Leaving from Coconuco, back across the Andes, you will enter one of the more rugged regions of Colombia. This road is unpaved a few miles after Coconuco. There are steep, very rough sections, and it passes through jungle and cloud forest. The road varies between one and one-and-a-half lanes wide. Nevertheless, we’d periodically encounter large dump trucks abandoned in the middle of the road. Closer inspection revealed ripped off transmissions, broken axles, and stacks of wheels laid on their sides to support rear ends of vehicles – pools of various black liquids streaming down the dusty road.
It was along this road that we also encountered two Swiss Bicycle tourists. They were both riding high-quality bicycles – but similar to the trucks we had been seeing, they were having some problems. I asked them what was broken, hoping that we could help. Their response was, “everything.” I looked, and saw broken spokes twisted around neighboring spokes, disc brakes that broke, and other maladies. If you decide to traverse this route, you’re going to want something really sturdy – mountain bike tires and 26″ wheels.

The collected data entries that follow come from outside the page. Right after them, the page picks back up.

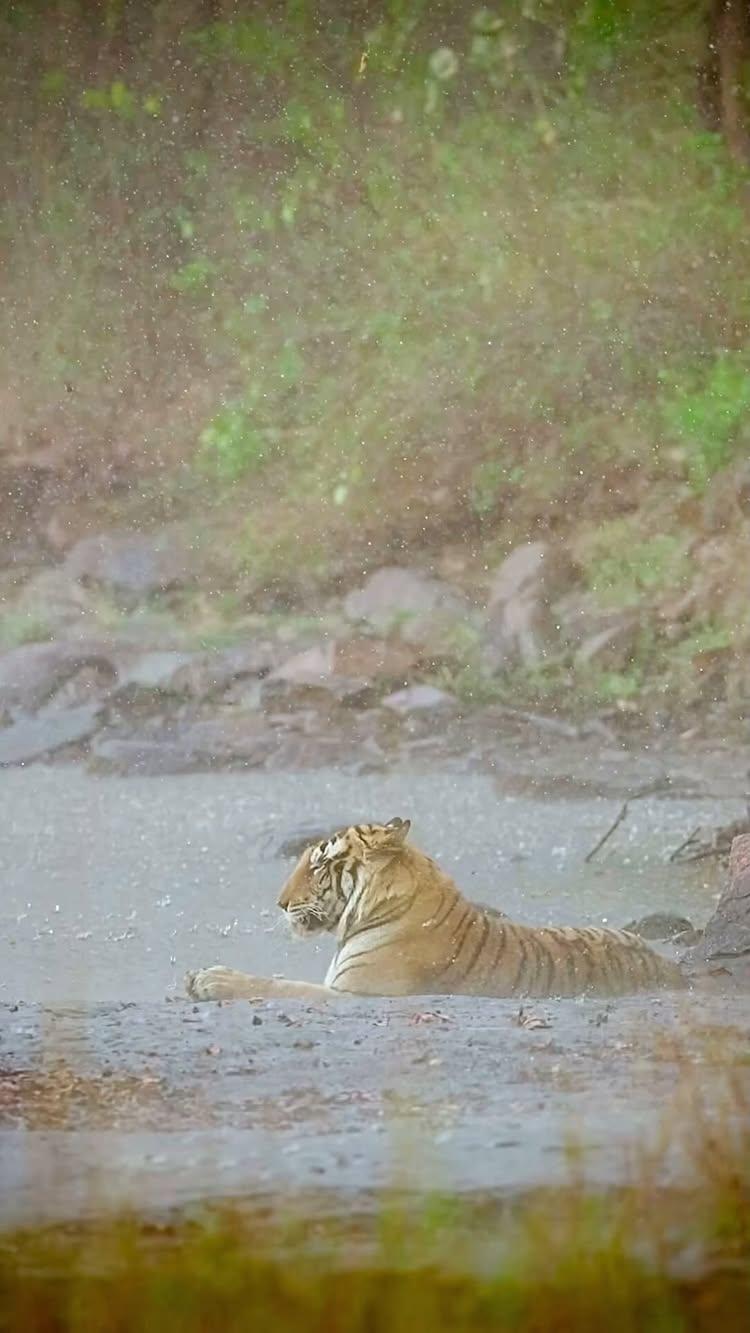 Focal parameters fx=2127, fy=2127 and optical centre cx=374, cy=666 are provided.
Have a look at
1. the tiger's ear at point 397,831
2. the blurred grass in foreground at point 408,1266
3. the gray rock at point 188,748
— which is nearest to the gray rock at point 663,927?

Prior to arrival, we had heard of the San Agustin Archaeological park. So, we were surprised to find out that there is a huge complex of neighboring archaeological sites based out of Isnos! “Everyone goes to San Agustin, but no one visits these other parks,” said the hotel owner where we were staying in Isnos. So, my FOMO had me constructing a new route that visited many of the Isnos sites as well. In fact, the places we went were just as exciting (if not better) than San Agustin. Moreover, your 20,000COP entry fee to the Isnos sites also grants you entry into San Agustin, and it is valid for 3 days.
Our route included a visit to the Estrecho del Rio Magdalena. The Rio Magdalena is usually hundreds of feet wide, but in this location, it restricts to an area that you could literally jump across! If you decide to follow our cycle route, be warned: you end up directly crossing two river valleys. You drop in, climb out, drop in the other, and climb out. It’s unpaved and a 20% grade in every direction!